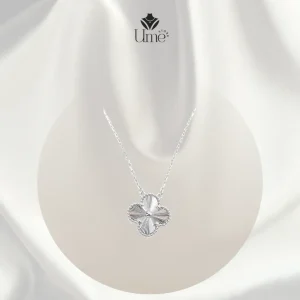 Dây chuyền cỏ 4 lá đính đá - Ume Store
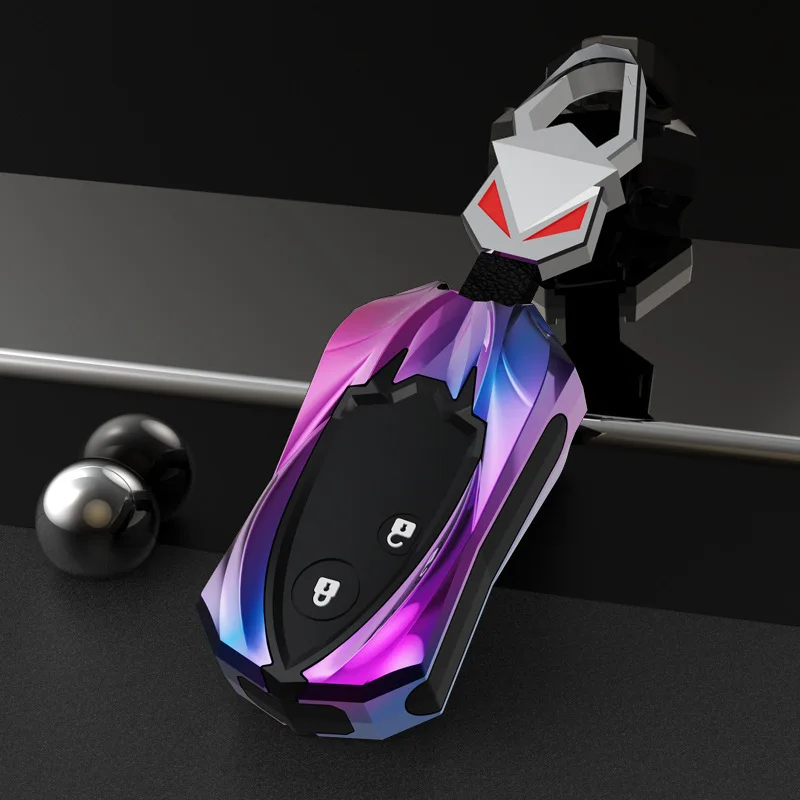 for Honda Fit Jazz Shuttle GP2 Spada StepWgn RG1 Freed Spike Ge6 2/3 Buttons Alloy Car Remote Case Key Cover Keyless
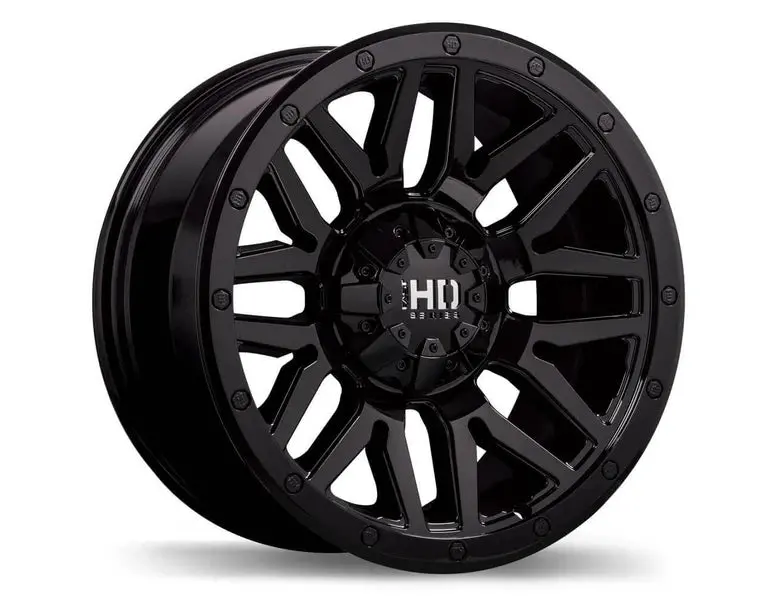 Fast Hd Menace Gloss Black 17X8 +15 5X127/5X139.7Mm 87.1Mm 1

......

Repeat the data word for word. Images are not part of the copy.

● EXERCISE RESULT:
 Dây chuyền cỏ 4 lá đính đá - Ume Store
 for Honda Fit Jazz Shuttle GP2 Spada StepWgn RG1 Freed Spike Ge6 2/3 Buttons Alloy Car Remote Case Key Cover Keyless
 Fast Hd Menace Gloss Black 17X8 +15 5X127/5X139.7Mm 87.1Mm 1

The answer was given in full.